I entered this year with a lot of high hopes--I hoped to meet a lot of new friends, I hoped to do well in classes, I hoped to discover that my choice of major was fitting for myself, and I hoped to have a blast.
I did, in fact, meet a lot of new and amazing friends--people whom I think I would gladly do just about anything for. They're fun and witty and excitable.
I did decently well in classes, managing to get a B, two B+s, and an A in classes first semester, bringing three classes up by a letter and one class down on the finals. This last semester I felt like I didn't do as well--I was able to keep up with everything in East Meets West without a problem, but Chemistry just wasn't challenging. Without a challenge, it doesn't seem as though I can apply myself, so I didn't. I got embarrassingly low grades on all three tests, and it seems as though the same is true for the final. It's mildly distressing, as I'm not sure how this will affect me for the future. I know well that I can do fantastically in all of my classes as long as I apply myself. Where I'll find the resolve to apply myself, though, I do not know.
I still think that my choice of Biology as a major was a good one--it permits me to take the classes that interest me most, and as I am now a double-minor in History and Intercultural Studies, I will be able to take almost all of the classes that have caught my eye.
Most of all, I very definitely had a blast. College was more challenging than I had expected, but also a lot more fun than I had expected.

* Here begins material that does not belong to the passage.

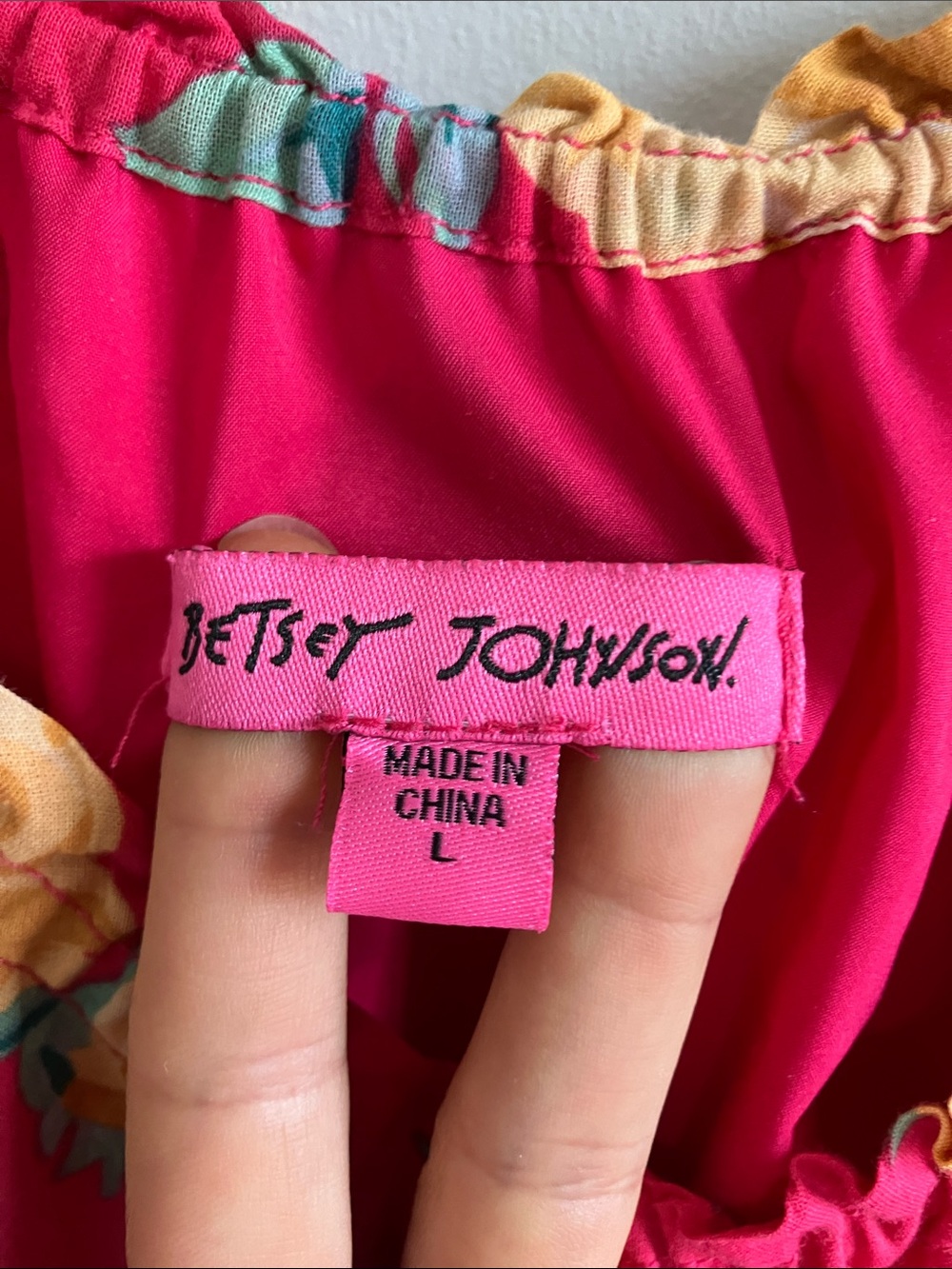 Betsey Johnson Pink Ruffled Tiered maxi Sundress size Large - Picture 6 of 8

Professors were enjoyable, lectures were interesting, and classmates were a riot. I cannot wait until next semester rolls around. If I can maintain the fun aspect while getting better grades, college will be a blast clear through.

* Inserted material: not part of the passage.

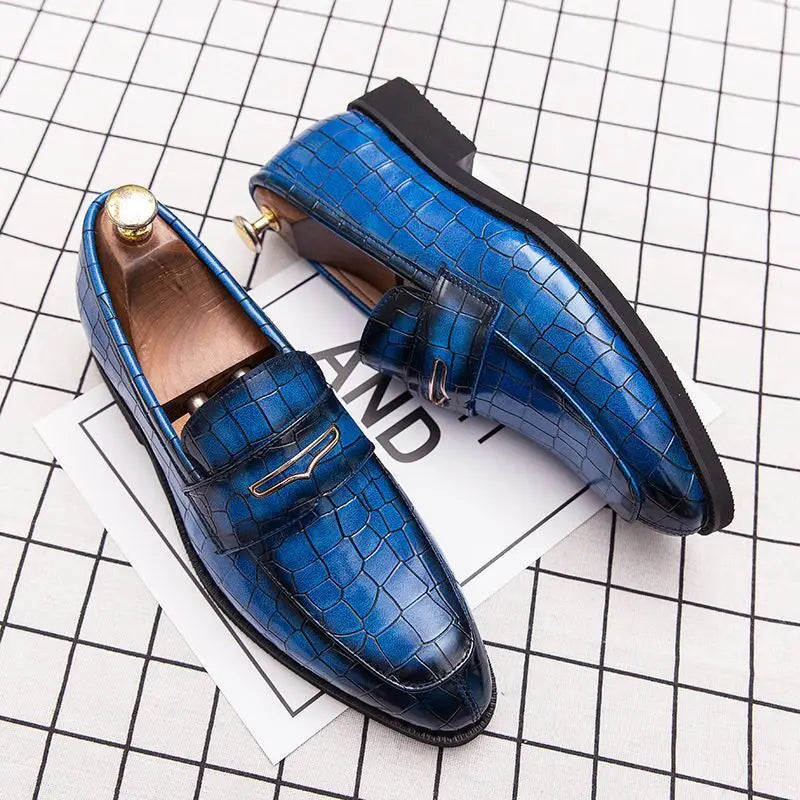 Men's Crocodile Pattern Black Loafers – Pointed Toe Slip-On Wedding Oxford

East Meets West has been perhaps the most fantastic course I've ever taken. For an honours program, it seemed fairly easy a lot of the time--we only had papers every other week, and the lectures were fascinating but general. I suppose it was the work load that was supposed to drag us under, as we averaged anywhere from 100-200 pages of reading every night. However, that's not a lot for me, and I would happily spend my free time reading what we were required to read anyway. So I guess it's due to my pre-existing interests that EMW seemed so easy.

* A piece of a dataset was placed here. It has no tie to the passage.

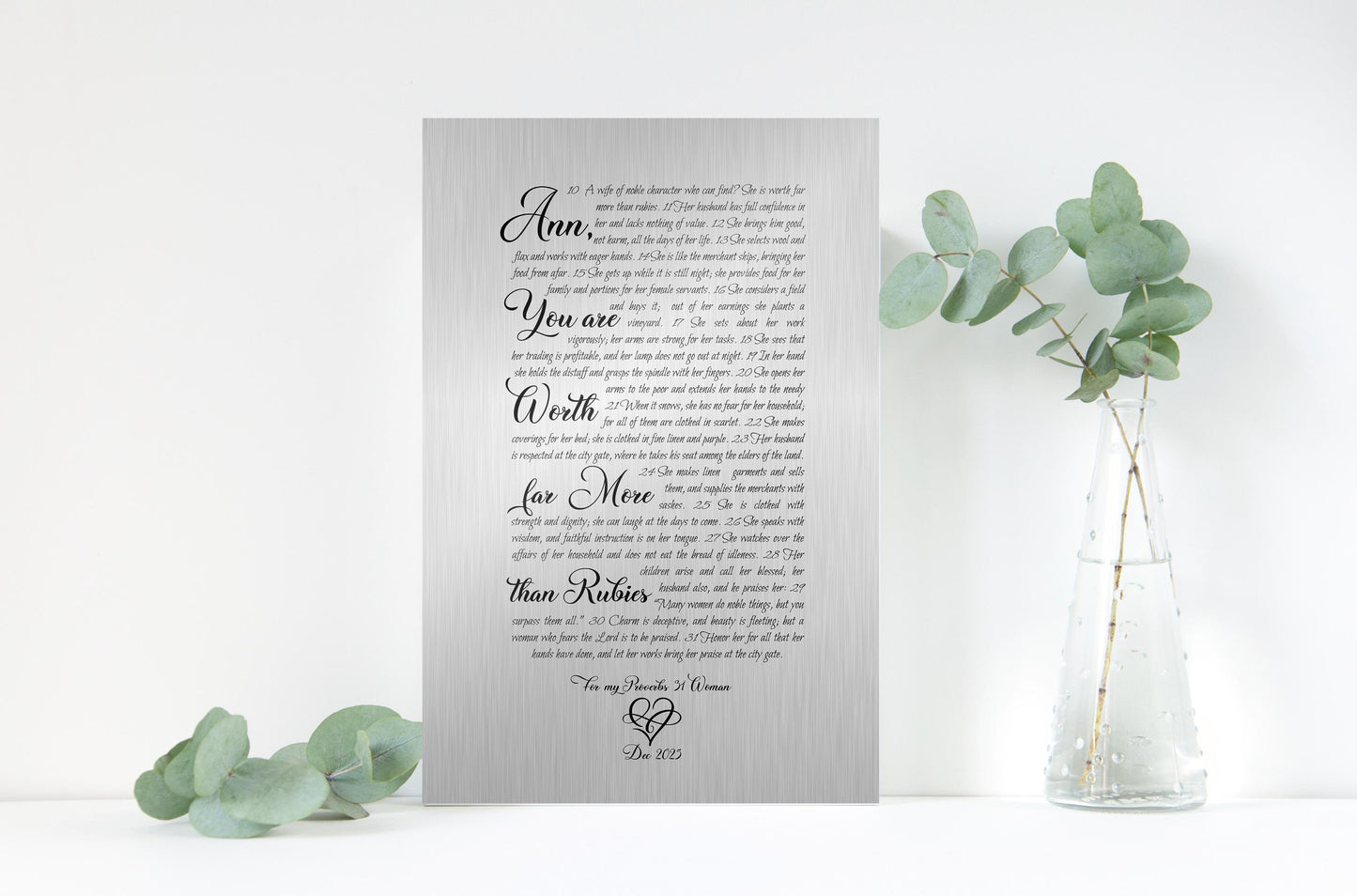 Proverbs 31 Woman Personalized Scripture on Tin - HoneycombProverbs - Signs - Tin and Aluminum Gifts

In two days we will have been in Budapest for two hours, something to which I'm greatly looking forward. I don't know how I will react when we reach Europe--after more than a year and a half away, I don't even know if it will still feel like home. Did I pull up all of my roots when I came to the USA? I was never fully Slovak (my grasp of the language--conversational--is embarrassingly poor considering that I spent eleven years there), yet I am nowhere near to being American. I fall entirely in the middle ground, and as I grow more distant towards my homeland, I still do not grow closer to the USA. Perhaps I do not even have a home anymore. Such are issues that from what I understand almost every Third Culture Kid experiences. The knowledge that hundreds of other kids my age are dealing with the same issues does not make them any easier, though. It is a very frightening feeling, actually, to not have a home. It's beyond the feelings that I suppose must stem from lacking a place in which to live. I don't need a place to park my physical baggage, but to lack a place where my emotions rest is very hard. Thus, when I get to Hungary, I might cry for joy, or I might be distressingly apathetic.
Three weeks after we touch down, I will finally get back to Slovakia, for the first time in 1 year, 9 months, and 19 days. I would see Chad and Michael, but both of them are going to be getting jobs in the USA for the summer. Chad's family is in the USA at present, which means that I will be staying with Michael's family, with whom I was never as close as I was with Michael himself. Anna will be there, but that's not quite the same thing--she's fun, but she's not my best friends. With Anna, and with Heather, and MaryGrace, and Catherine, and Daniel, and Lydia, I will be going to a Switchfoot concert for free. This is a very exciting plan. Additionally, I'm planning to make them show me around everything in Bratislava that has changed since I left. And I'm planning to consume copious quantities of Kofola. I won't really be able to bring any back, so I plan to make the most of it while I'm there.